Comet Tebbutt passed 0.133 AU from Earth on June 30, passing almost directly between Earth and the sun at that time, thus briefly exhibiting a phase angle in excess of 165 degrees and accordingly a dramatic brightness enhancement due to forward scattering of sunlight. It was traveling northward at over 10 degrees per day at the time, and right around the 30th suddenly became visible from the northern hemisphere as an object of magnitude -2 or brighter. Because of the viewing geometry the tail was broad and structured, and according to several observers stretched over 90 degrees on the sky. Several observers reported the comet as being bright enough to cast shadows. It appears that Earth might actually have passed through part of the comet’s tail around the time of closest approach.
Comet Tebbutt on June 30, 1861, as sketched by Austrian astronomer Edmund Weiss. Capella is the bright star to the comet's right, and Cassiopeia is in the upper right.
During the first few days of July Comet Tebbutt entered northern circumpolar skies, and for the first week of that month remained a bright and spectacular object of 1st magnitude with its tail extending for a length of 60 degrees or more. It began fading after that, although it was still close to 3rd magnitude, with a tail over 10 degrees long, around mid-July, and was close to 4th magnitude by the end of that month. The comet dropped below naked-eye visibility around the middle of August and remained telescopically detectable until the beginning of May 1862, by which time its heliocentric distance had increased to 4.4 AU and it was located within 13 degrees of the North Celestial Pole.

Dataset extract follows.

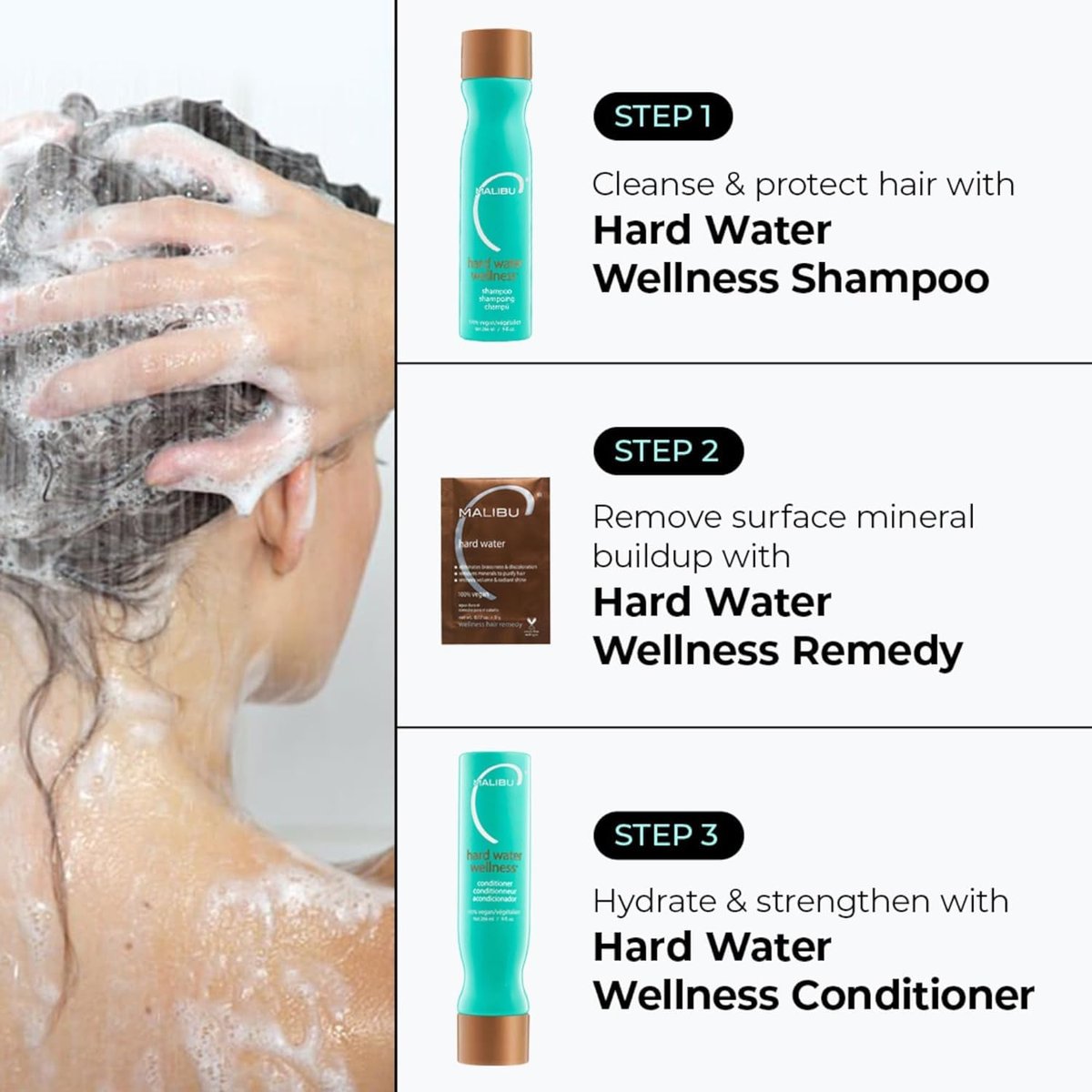Malibu C Hard Water Wellness Shampoo – Hydrating, Sulfate-Free Hair Care for Hard Water, Removes Minerals and Buildup (9 oz) - görsel 10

Being as bright and spectacular as it was, and especially with its dramatic and sudden appearance in the northern hemisphere’s sky at the end of June 1861, Comet Tebbutt appeared in numerous popular writings of the time. Its appearance came only 2½ months after the start of the American Civil War, and Commander Raphael Semmes, Captain of the Confederate Navy’s commerce raider CSS Sumter, wrote of viewing the comet while that vessel made its escape from the Union blockade of New Orleans on the evening of June 30. Meanwhile, on July 6 the British explorer of Africa David Livingstone, while in present-day Malawi commanding the Second Zambezi Expedition, independently discovered the comet while it was traversing Ursa Major north of the Big Dipper.

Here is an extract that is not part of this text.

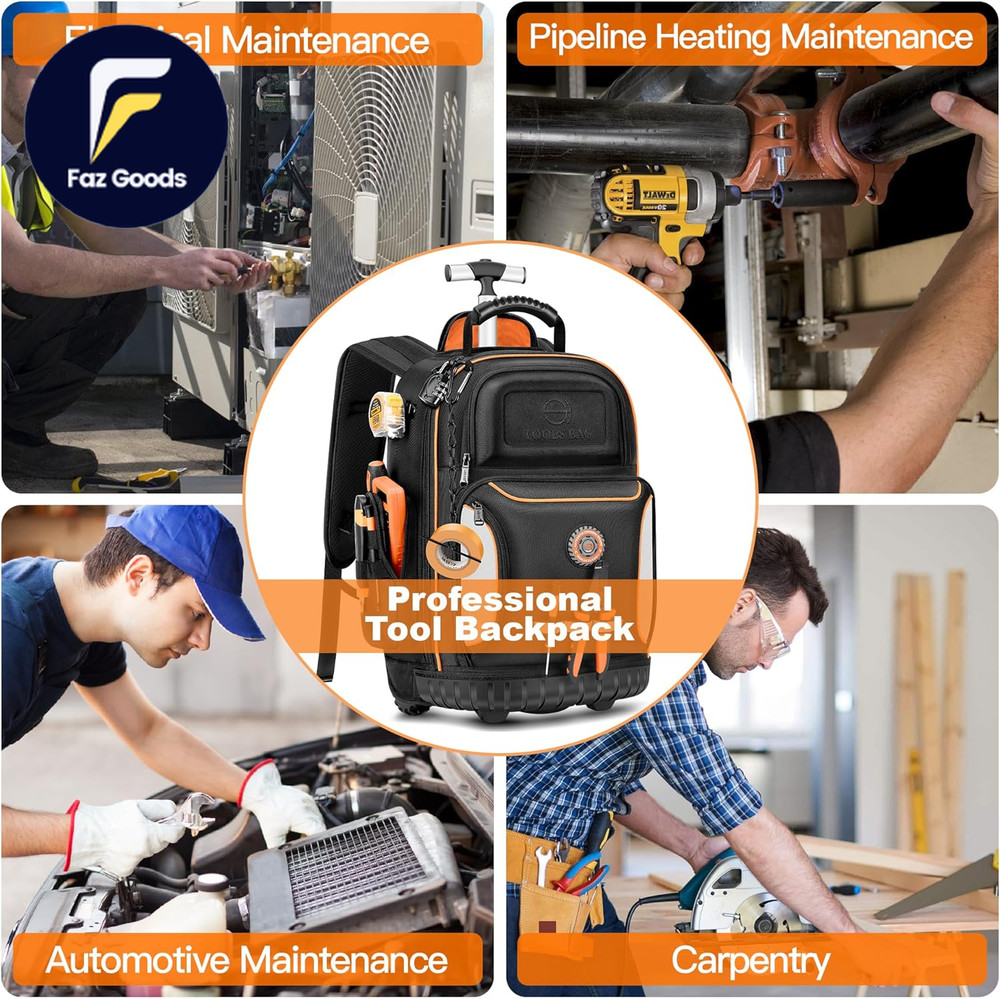 Backpack Tool Bag with Wheel Rolling Tool Backpack for Electrician Heavy Duty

Orbital calculations, based in part upon some of the astrometric measurements that Tebbutt himself collected, suggest that Comet Tebbutt has an orbital period of slightly over 400 years, in turn suggesting that it might have returned sometime around the mid-15th Century. In 1995 Japanese astronomers Ichiro Hasegawa and Syuichi Nakano proposed that a comet observed from China, Japan, and Korea in May and June 1500 might be identical to Comet Tebbutt, and successfully linked the orbits of the two comets mathematically. If the two comets are indeed one and the same object, Hasegawa and Nakano predict that it will return to perihelion again in December 2265. At that time it will be on the opposite side of the sun from Earth and thus would be nowhere near as spectacular as it was in 1861, although with its near-perpendicular orbit (inclination 85 degrees) it would presumably still be visible after perihelion without too much difficulty.